European stocks posted modest gains on Thursday after a mostly positive Asian session, with miners rising on firmer base and precious-metal prices.
“Looking ahead, the U.S. Thanksgiving celebrations should ensure a relatively muted affair later into the day. Appearances from European Central Bank President Lagarde and Bank of England Governor Bailey thus make up the main events of note,” note IG analysts.
Shares on the move:
Spanish hotel chain Melia rose almost 3% after Jefferies upgraded the stock to buy from hold saying its valuation looks attractive. Jefferies said Melia has a strong exposure to leisure which is an advantage as vacation travel is recovering faster than others, such as international and corporate.
“Roughly 80% of all bookings are leisure, making it the best positioned covered hotel company for recovery and beyond, given our positive leisure travel view,” Jefferies said. Furthermore, previous liquidity concerns have faded as Melia now has EUR440 million in liquidity and hasn’t burned cash since May.
Shares in Remy Cointreau rose more than 10% after the drinks group posted consensus-beating first-half profits and said it expected higher full-year earnings than previously expected.
Looking ahead, Remy said the exceptionally strong first half means it now sees “very strong” organic growth in current operating profit for fiscal 2022. It had previously guided for “strong” growth. The company didn’t set out any numerical guidance, but a likely figure is in a range of 40%-45% organic growth, above existing consensus, analysts at Citi said in a note after the release.
Swiss Life rose nearly 4% after the insurer released strong new mid-term targets at its investor day and revealed plans for higher shareholder payouts and buybacks. Its expected fee results of CHF850-CHF900 million by 2024, were above consensus of CHF830 million, Citi said. Cash remittance of CHF2.8-CHF3 billion were also above Citi’s expectations.
“The CHF1 billion buyback to be executed by May-23 is also greater than our expectations as we had assumed recurring buybacks of CHF200 million [per annum] over the three-year period,” Citi says.
Sentiment in the German export industry has improved, the Ifo Institute said. In November, the Ifo’s export expectations indicator rose to 15.8 points from 13.1 points in October, having stood at 20.6 points in September.

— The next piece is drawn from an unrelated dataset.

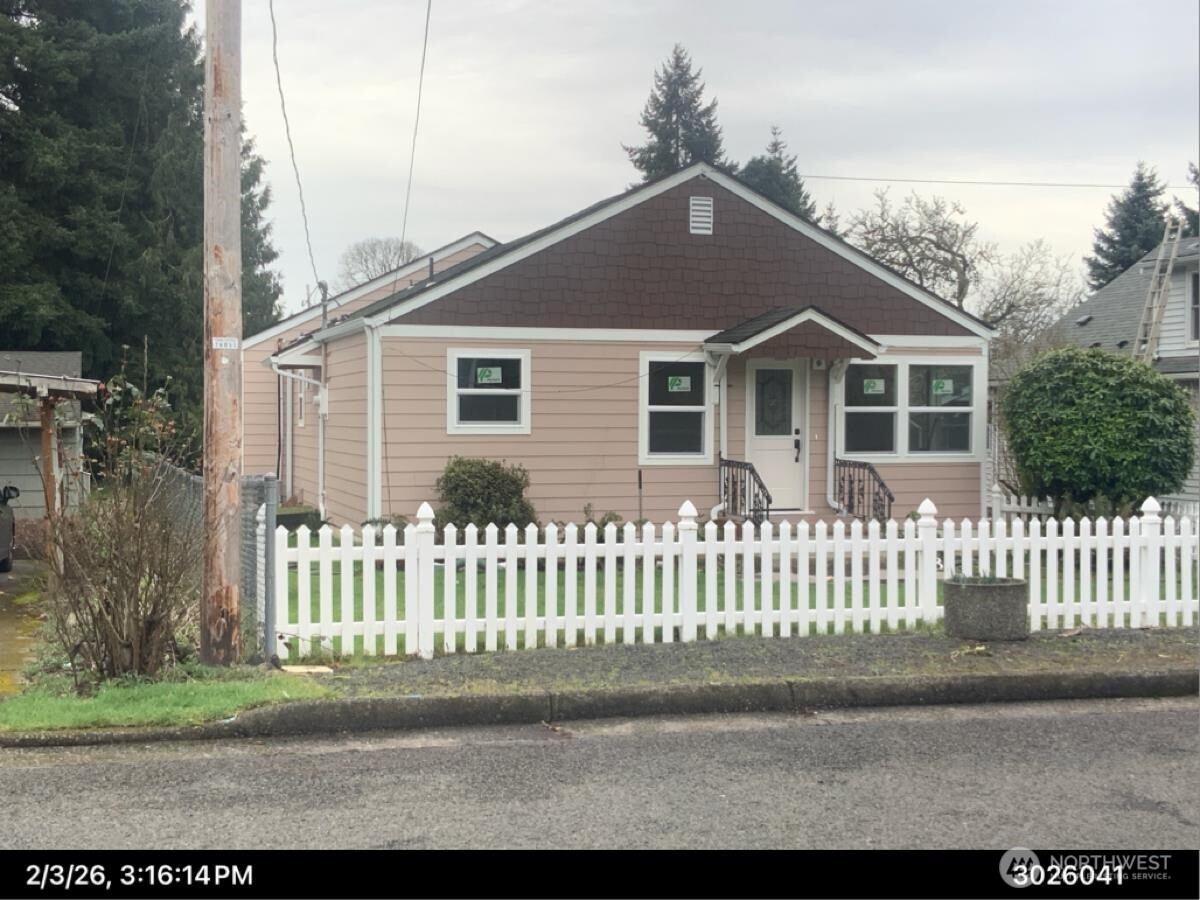 3 Pacific Place Longview WA 98632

“Despite supply problems for intermediate products and raw materials, the German export industry is in a robust position,” Ifo’s president Clemens Fuest said.

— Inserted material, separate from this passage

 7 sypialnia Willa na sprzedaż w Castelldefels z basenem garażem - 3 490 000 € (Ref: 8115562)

The automotive industry and manufacturers of electrical equipment are expecting significant growth in international business. Among manufacturers of machinery and equipment, expectations slipped slightly but are still at a good level, Ifo said. Food and beverage manufacturers are cautiously optimistic about winning additional export orders. Only printing companies are expecting a decline in exports, Ifo said.

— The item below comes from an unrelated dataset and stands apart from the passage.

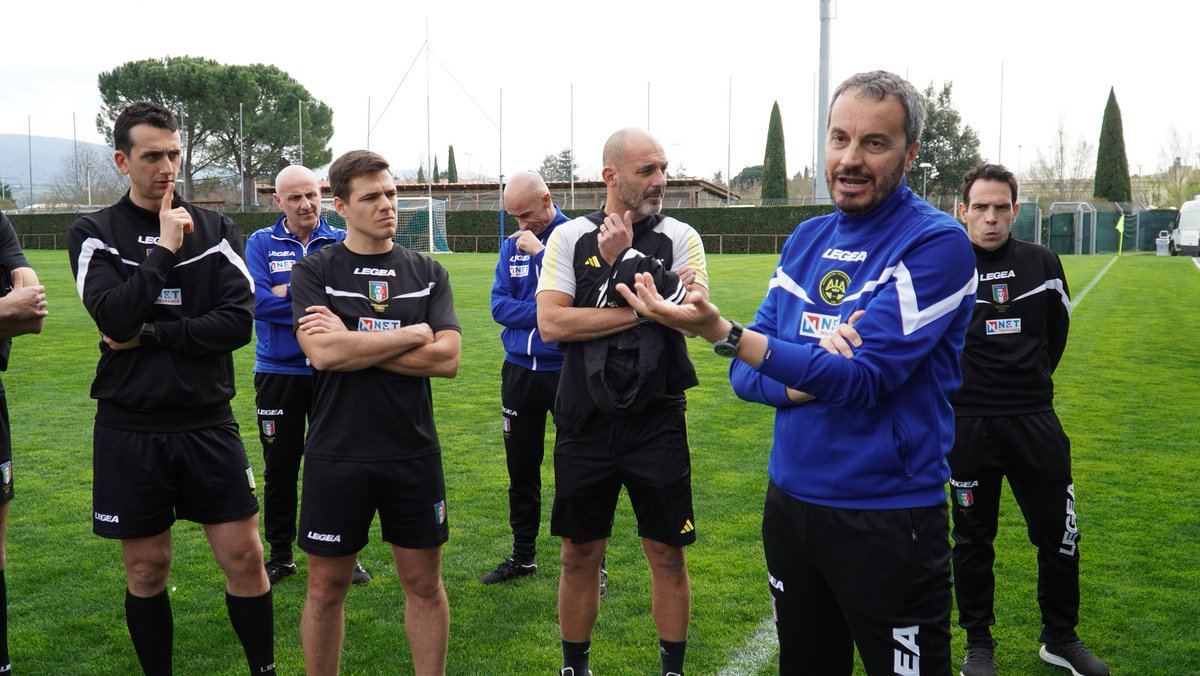 AIA_it's tweet photo. A #Coverciano una giornata di Training #VAR per #arbitri e assistenti della @LegaProOfficial . "Le parole chiave sono decisione, collaborazione e timing” ha detto Gianluca Rocchi. Leggi la news: https://t.co/3iOTt17VFs #AIA #calcio #sport https://t.co/tLUyIT78aF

Fidelity International said the German coalition agreement is a positive first step for the German economy and the capital markets, but the future government must now deliver swiftly.
“It is a good sign that there have been relatively swift results–despite the very different parties,” said Fidelity’s portfolio manager Christian von Engelbrechten and capital markets strategist Carsten Roemheld.
Clear and rapid decision-making is “elementary” in the global context, they said, adding that if the coalition negotiations are a harbinger of things to come in this respect, this is cause for optimism.
The fact that the Free Democratic Party is taking over the Ministry of Finance “is likely to be very positively received by the markets, as the FDP is perceived as the coalition party with the most conservative and solid financial policy.”
The dollar has consolidated some of its recent gains but still has every reason to rise further after Fed minutes showed various members proposed more flexibility on faster tapering and earlier rate increases if inflation warranted it, said ING.
In addition, data showed high U.S. PCE inflation, the Fed’s preferred measure, and better-than-expected U.S. trade data, ING noted.
“Expect quiet markets today for the Thanksgiving holiday and no obvious reason for the dollar to hand back recent gains.”
The krona was little moved but remained firmer after the Riksbank left interest rates at 0% as expected and inserted a rate increase into its forecasts for the fourth quarter of 2024.
Higher rates are still a long way off but this does mean the central bank “is no longer as decidedly dovish,” David Oxley, senior European economist at Capital Economics, said.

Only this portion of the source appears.